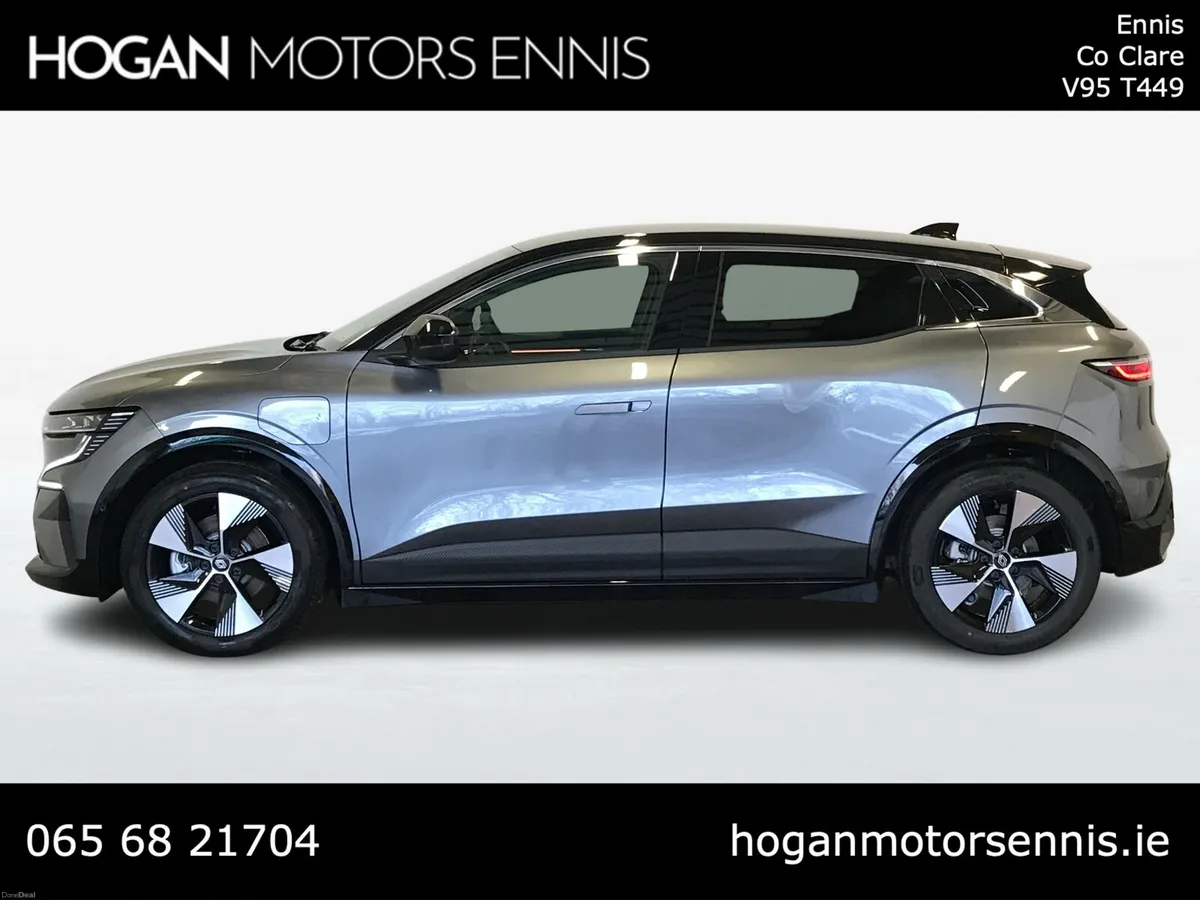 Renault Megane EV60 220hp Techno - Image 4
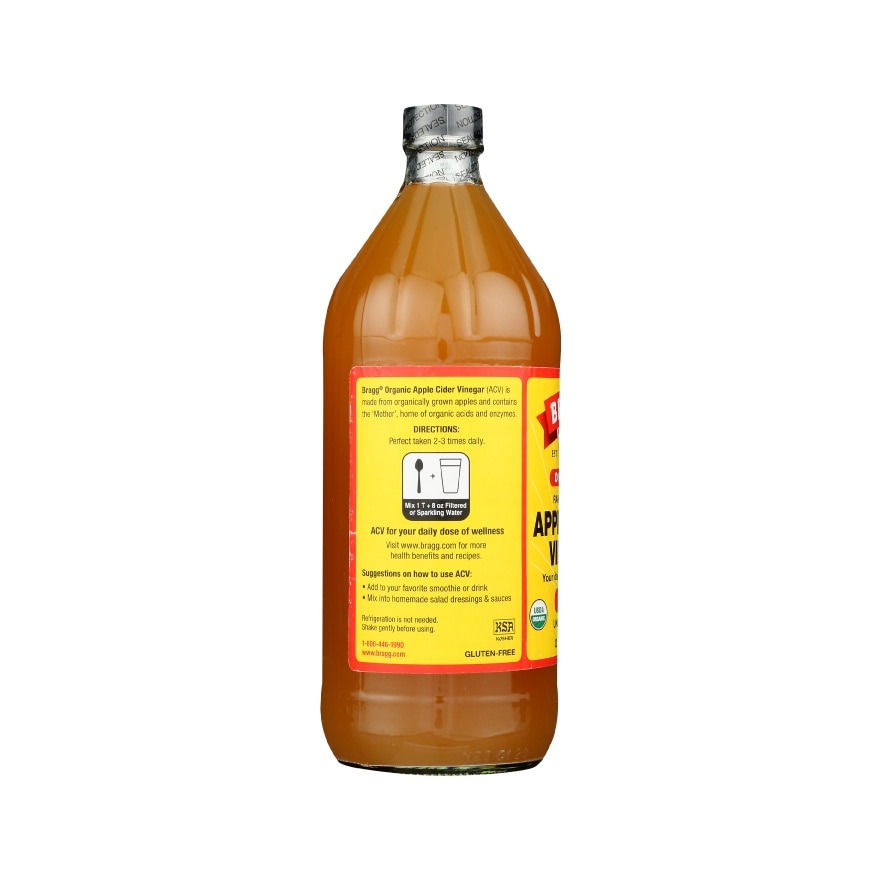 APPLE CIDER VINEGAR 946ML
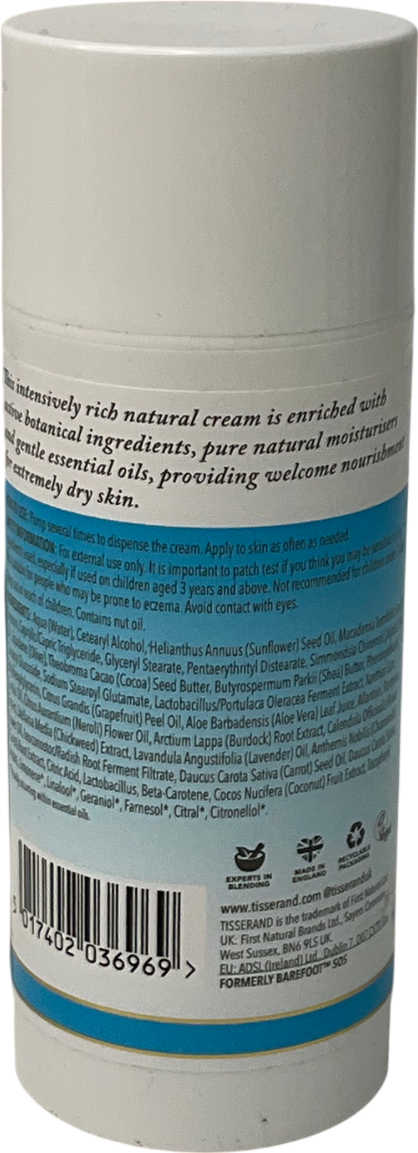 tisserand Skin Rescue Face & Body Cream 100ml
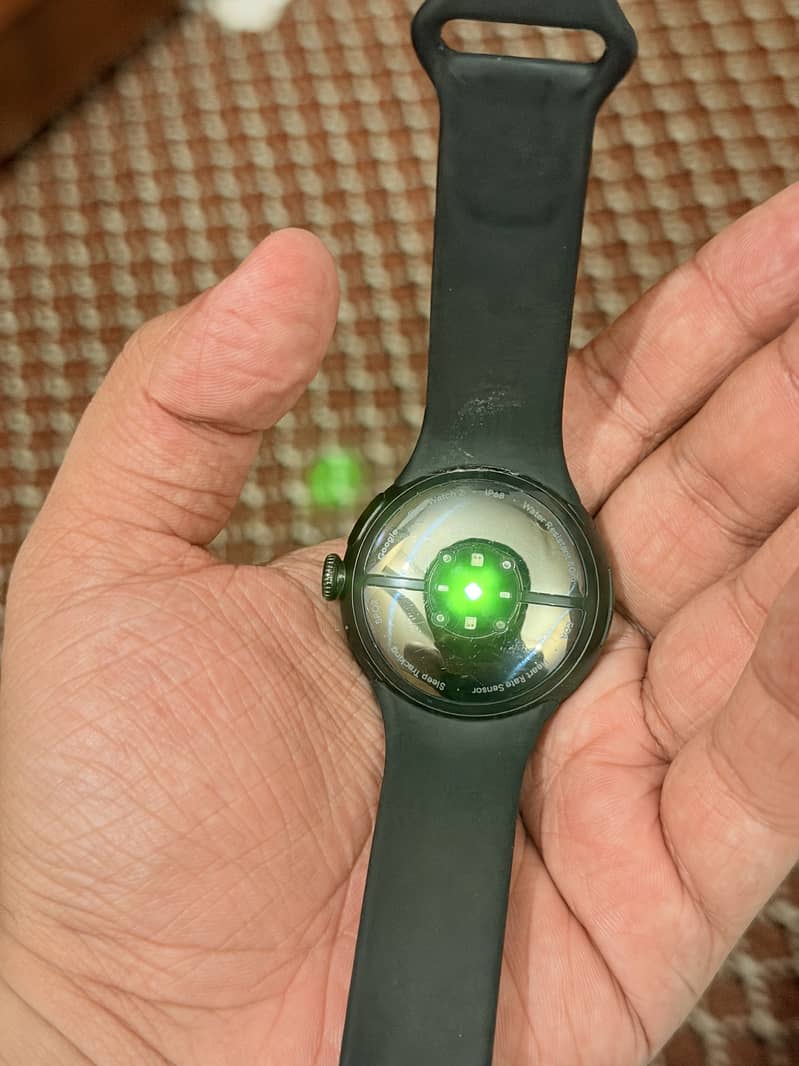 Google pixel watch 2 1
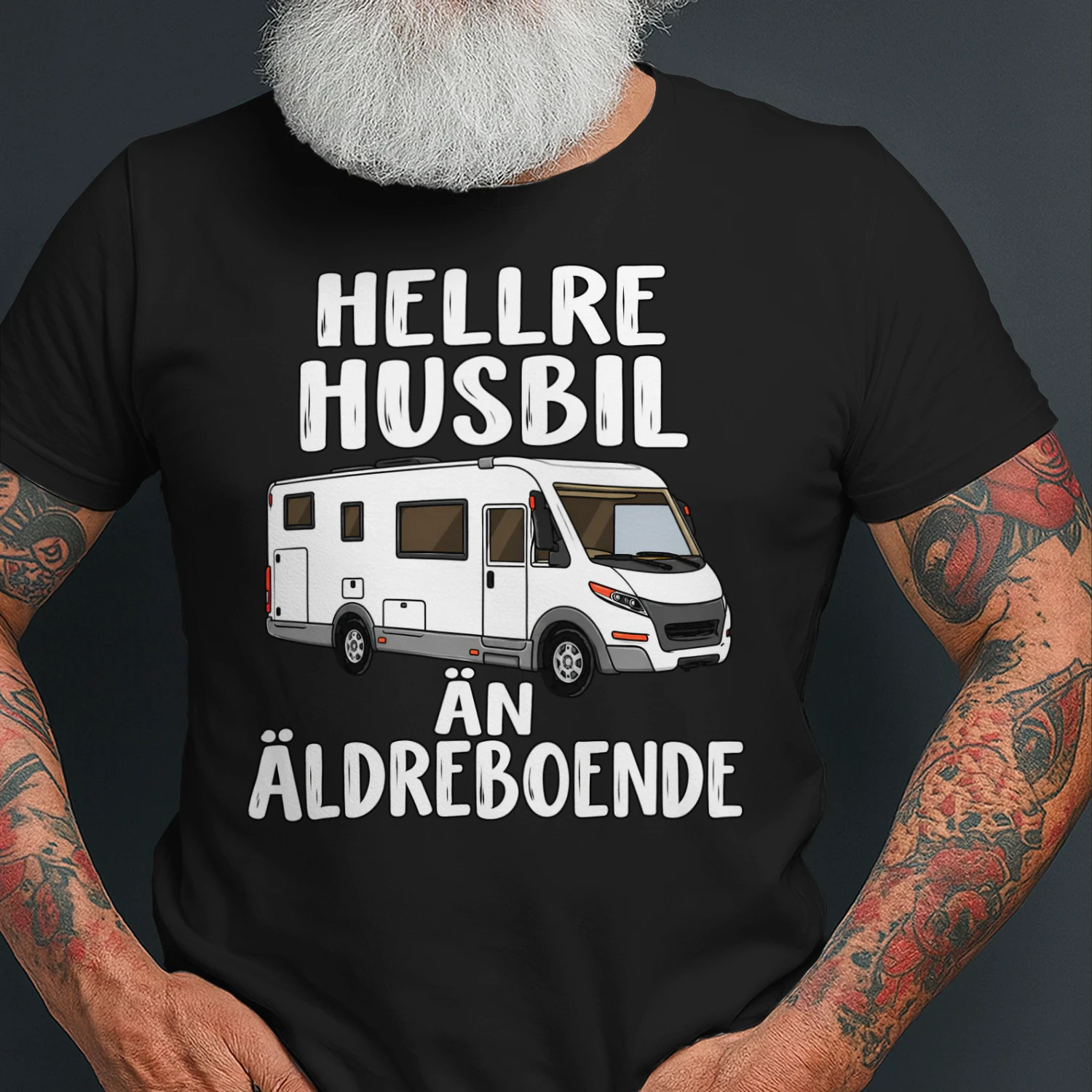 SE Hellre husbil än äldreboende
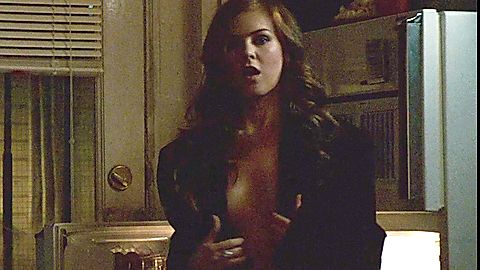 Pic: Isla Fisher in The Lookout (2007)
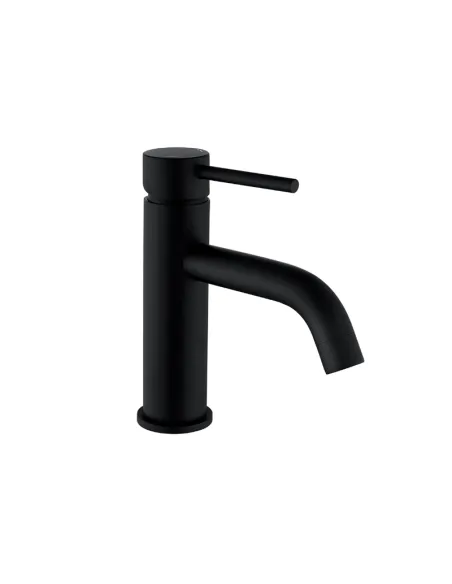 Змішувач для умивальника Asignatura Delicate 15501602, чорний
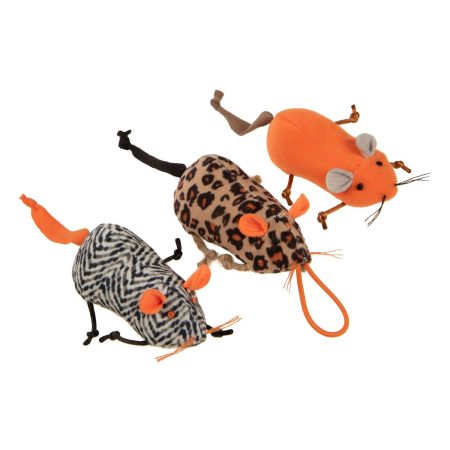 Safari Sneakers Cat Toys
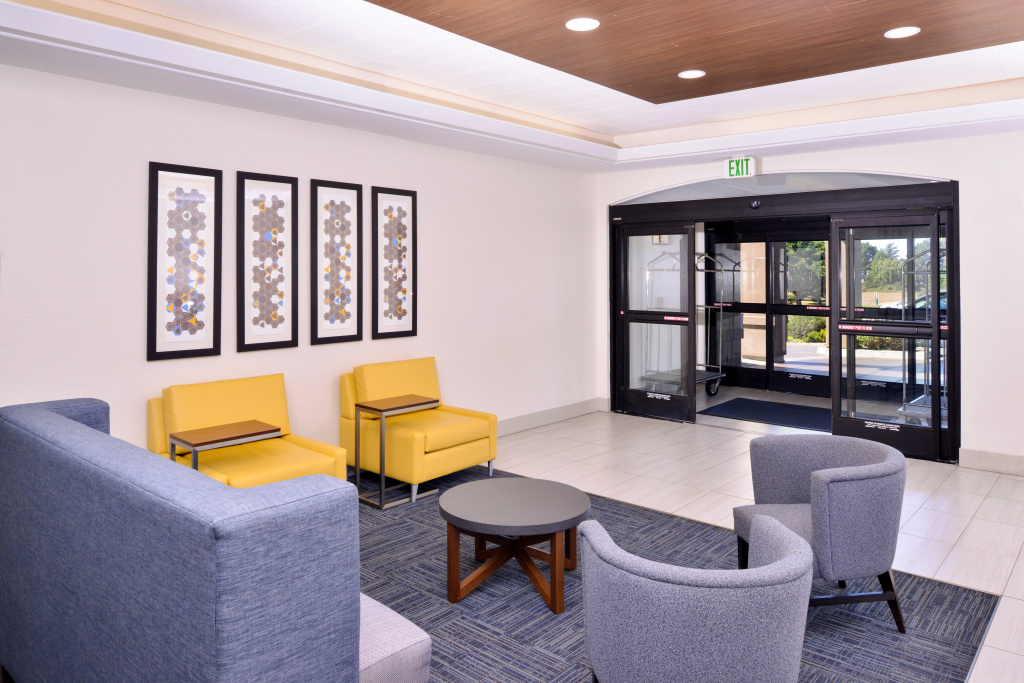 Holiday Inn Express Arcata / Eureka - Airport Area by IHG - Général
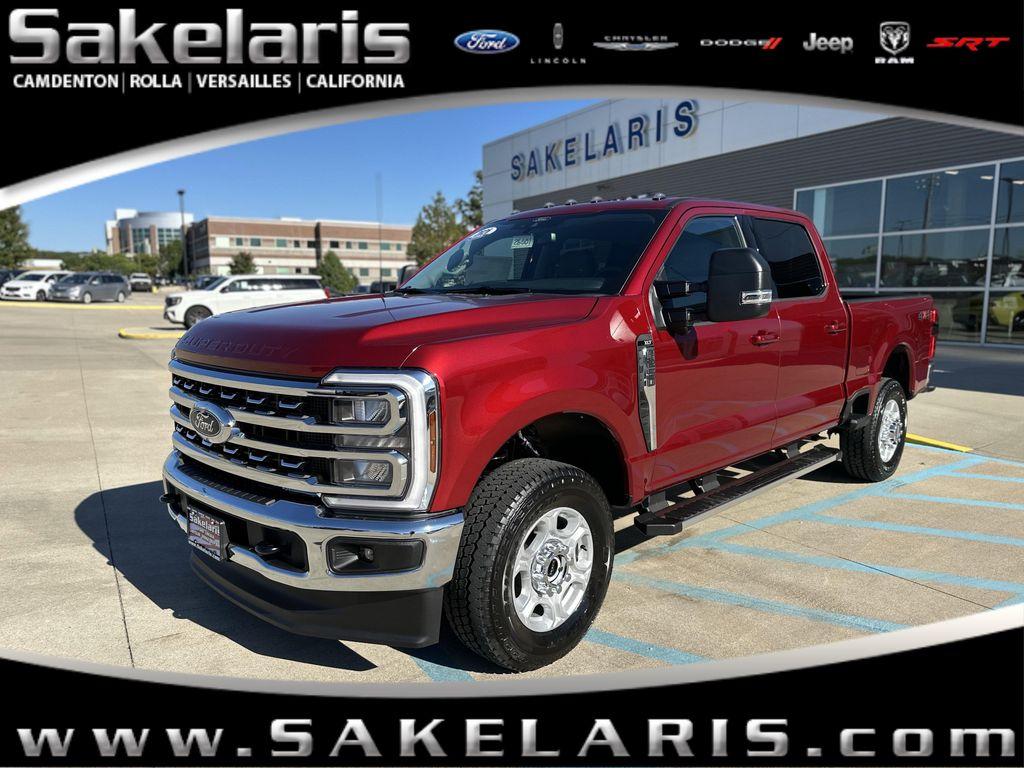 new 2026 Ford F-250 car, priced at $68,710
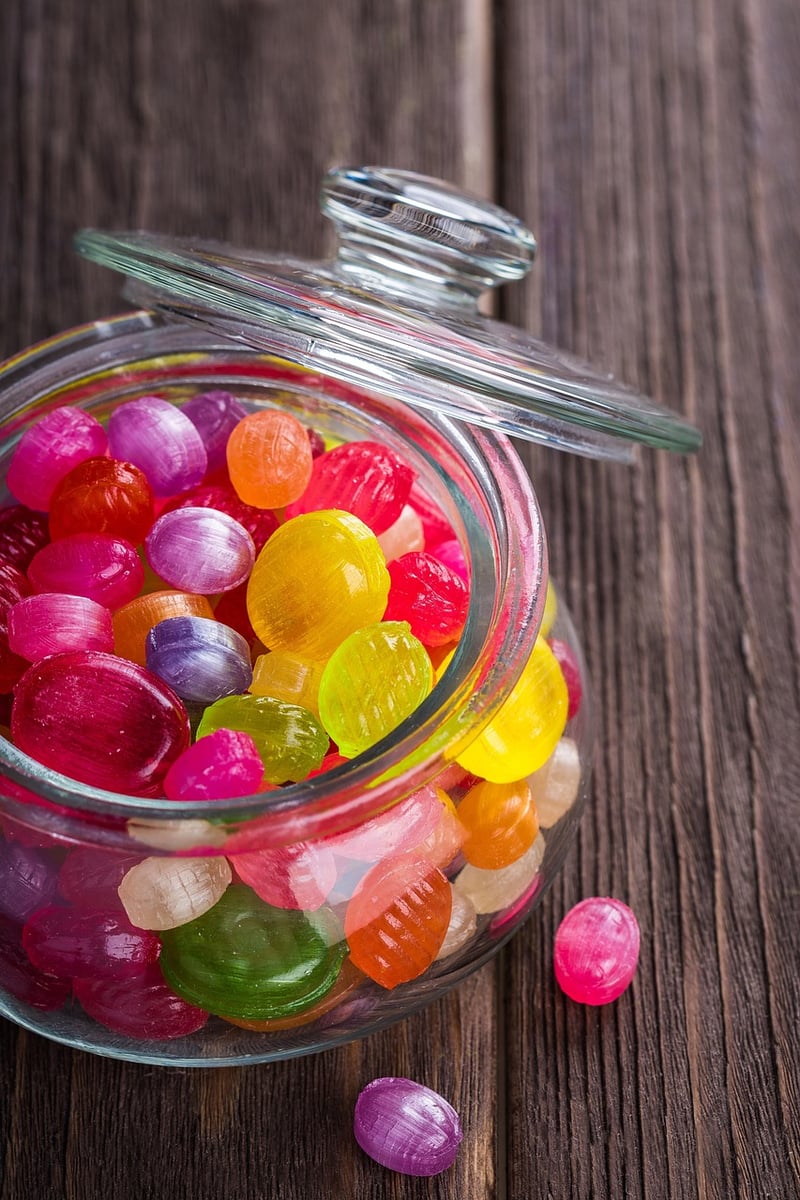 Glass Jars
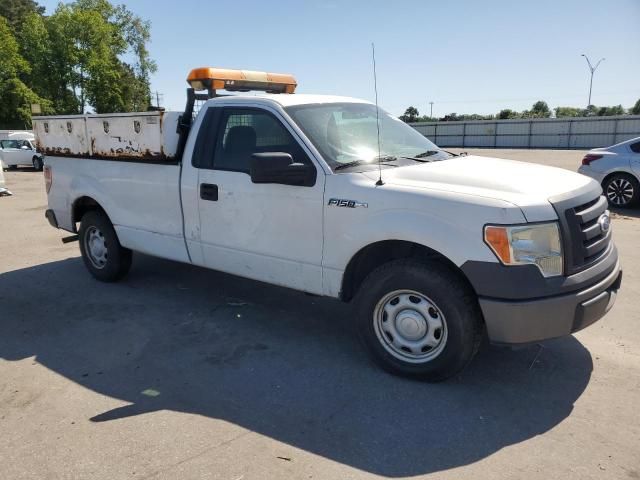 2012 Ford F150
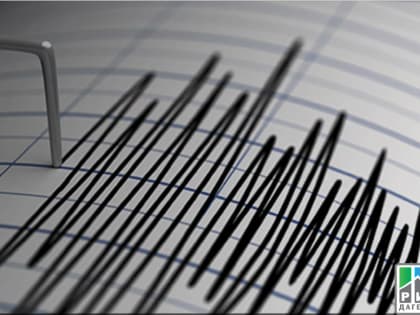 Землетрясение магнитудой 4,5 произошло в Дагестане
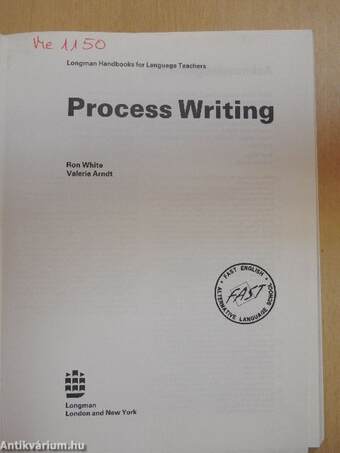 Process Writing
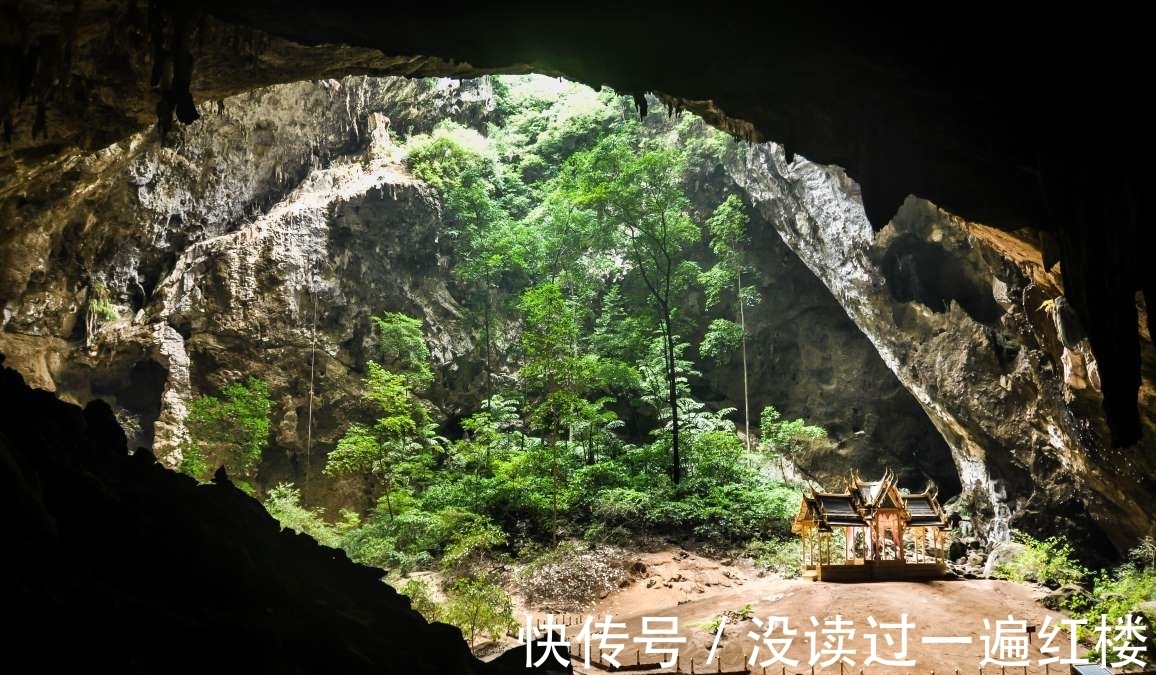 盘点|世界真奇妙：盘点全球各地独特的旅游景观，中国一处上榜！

---------------

WHAT IS REQUIRED:
Your task is to transcribe, exactly and without additions, every line from the one that contains "new 2026 Ford F-250 car, priced at $68,710" to the end of the entries above, both included. Omit all pictures.

YOUR RESPONSE:
 new 2026 Ford F-250 car, priced at $68,710
 Glass Jars
 2012 Ford F150
 Землетрясение магнитудой 4,5 произошло в Дагестане
 Process Writing
 盘点|世界真奇妙：盘点全球各地独特的旅游景观，中国一处上榜！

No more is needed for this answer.